_Exercise_:
Below are entries. Give back exactly the lines from the one containing "Shoes On Top" through the one containing "Citrine Round Natural", inclusive, without the pictures.

_Supplied material_:
⁂
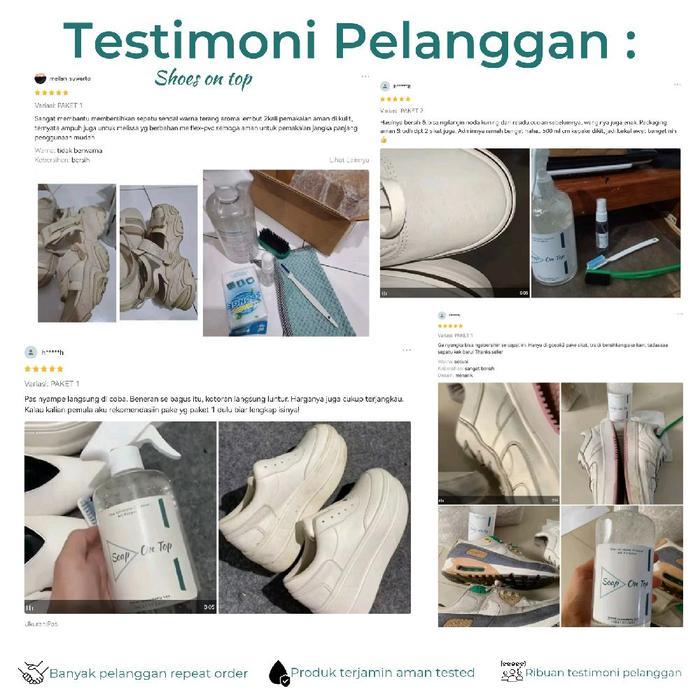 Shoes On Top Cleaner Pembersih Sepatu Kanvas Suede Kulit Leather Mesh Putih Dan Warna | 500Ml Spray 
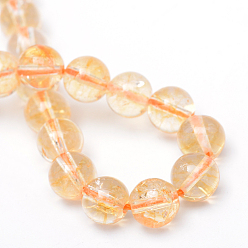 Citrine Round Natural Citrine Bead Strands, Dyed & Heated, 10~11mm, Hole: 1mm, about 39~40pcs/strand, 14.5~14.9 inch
⁂
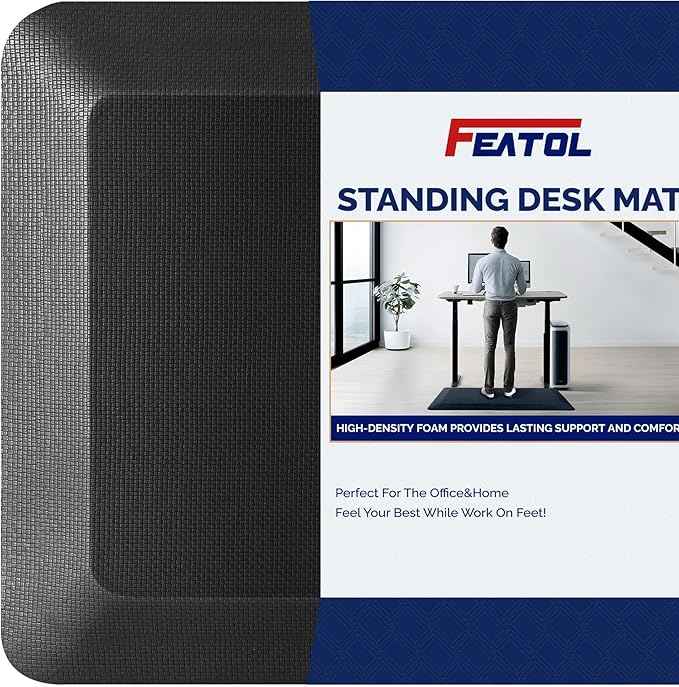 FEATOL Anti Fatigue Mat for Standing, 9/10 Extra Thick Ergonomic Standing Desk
⁂
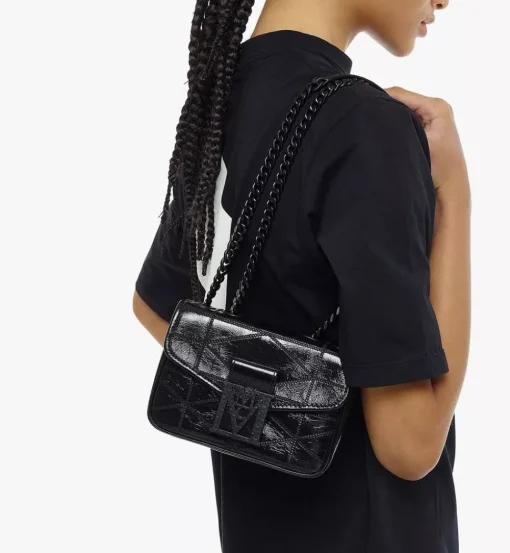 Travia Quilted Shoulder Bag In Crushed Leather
⁂
_Task answer_:
 Shoes On Top Cleaner Pembersih Sepatu Kanvas Suede Kulit Leather Mesh Putih Dan Warna | 500Ml Spray 
 Citrine Round Natural Citrine Bead Strands, Dyed & Heated, 10~11mm, Hole: 1mm, about 39~40pcs/strand, 14.5~14.9 inch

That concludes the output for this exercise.